**Supplied data**
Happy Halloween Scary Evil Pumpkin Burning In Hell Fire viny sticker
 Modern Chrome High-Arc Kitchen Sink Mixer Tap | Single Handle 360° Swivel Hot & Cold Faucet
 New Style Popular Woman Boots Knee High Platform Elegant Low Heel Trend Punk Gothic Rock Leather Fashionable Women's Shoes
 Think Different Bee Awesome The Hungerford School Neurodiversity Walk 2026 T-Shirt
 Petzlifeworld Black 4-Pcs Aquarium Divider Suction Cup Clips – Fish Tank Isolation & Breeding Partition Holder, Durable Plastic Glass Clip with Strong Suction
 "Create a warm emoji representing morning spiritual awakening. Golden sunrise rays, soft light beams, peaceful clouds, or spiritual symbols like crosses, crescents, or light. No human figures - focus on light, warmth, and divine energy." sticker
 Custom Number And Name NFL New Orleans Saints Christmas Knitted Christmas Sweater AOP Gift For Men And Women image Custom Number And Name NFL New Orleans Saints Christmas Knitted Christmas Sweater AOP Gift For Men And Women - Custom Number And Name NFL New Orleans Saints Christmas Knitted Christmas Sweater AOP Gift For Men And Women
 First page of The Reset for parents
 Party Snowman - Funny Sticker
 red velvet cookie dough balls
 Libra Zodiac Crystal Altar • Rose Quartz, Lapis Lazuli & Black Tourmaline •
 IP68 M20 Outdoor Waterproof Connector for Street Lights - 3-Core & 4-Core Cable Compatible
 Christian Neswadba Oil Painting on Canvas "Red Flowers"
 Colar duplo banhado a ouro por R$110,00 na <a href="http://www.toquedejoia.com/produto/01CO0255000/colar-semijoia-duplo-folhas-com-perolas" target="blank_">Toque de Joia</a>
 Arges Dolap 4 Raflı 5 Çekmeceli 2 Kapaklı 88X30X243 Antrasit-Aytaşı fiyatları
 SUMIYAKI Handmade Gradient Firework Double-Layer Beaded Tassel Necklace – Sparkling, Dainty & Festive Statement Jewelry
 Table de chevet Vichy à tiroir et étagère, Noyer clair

**Task**
All lines above from the one holding "red velvet cookie dough balls" to the one holding "Christian Neswadba Oil", inclusive, are to be copied exactly; no other line is wanted.

**Response area**
 red velvet cookie dough balls
 Libra Zodiac Crystal Altar • Rose Quartz, Lapis Lazuli & Black Tourmaline •
 IP68 M20 Outdoor Waterproof Connector for Street Lights - 3-Core & 4-Core Cable Compatible
 Christian Neswadba Oil Painting on Canvas "Red Flowers"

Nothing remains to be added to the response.